A few summers ago, I was a mentor in our church’s summer tutoring program. We had been giving tickets to an Orioles game for all our students so I was driving three kids and a chaperone down to the stadium. The mom asked me where I lived and I told her, “Charles Village.” Charles Village is a neighborhood in Baltimore. It’s definitely deep within the city but also has a lot of big trees. Her response was, “Oh, it feels like the country there.” I was new enough to Baltimore and city living to have no idea what she was talking about. Charles Village? The country? CV is rows and rows and rows of rowhouses! There’s concrete and brick everywhere! It is anything but the country!

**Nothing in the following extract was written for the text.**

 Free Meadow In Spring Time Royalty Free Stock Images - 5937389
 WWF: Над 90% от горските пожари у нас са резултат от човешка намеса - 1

But as I got to know Baltimore better, I came to understand that in many neighborhoods in Baltimore, there are few to no trees. A block with no trees makes a block in Charles Village indeed feel like the country.
I was reminded of that experience yesterday as Ellie and I left our house on a 99-degree day to go visit some friends who have central air (a nice commodity on such a day!). During the storm that happened while we were in Greece, the tree across the street from our house fell down. I loved that tree. It was amazingly tall and got beautiful yellow tulip-shaped flowers midway through the summer. Our house itself didn’t get direct shade from it but it definitely shaded our yard and the surrounding streets.
Now that the tree is gone, I really miss it. I miss being able to rest my eyes on it from our office and living room windows. Our house is noticeably brighter and hotter. The streets even feel hotter because so much more sun is getting to the asphalt to be absorbed.
Trees are indeed a quality of life issue. It will be a long time before a new tree can replace the one that we lost. Our house now feels just a little bit less like we’re in the country. (Because really, we’re not in the country at all but when you have trees, it sure helps.)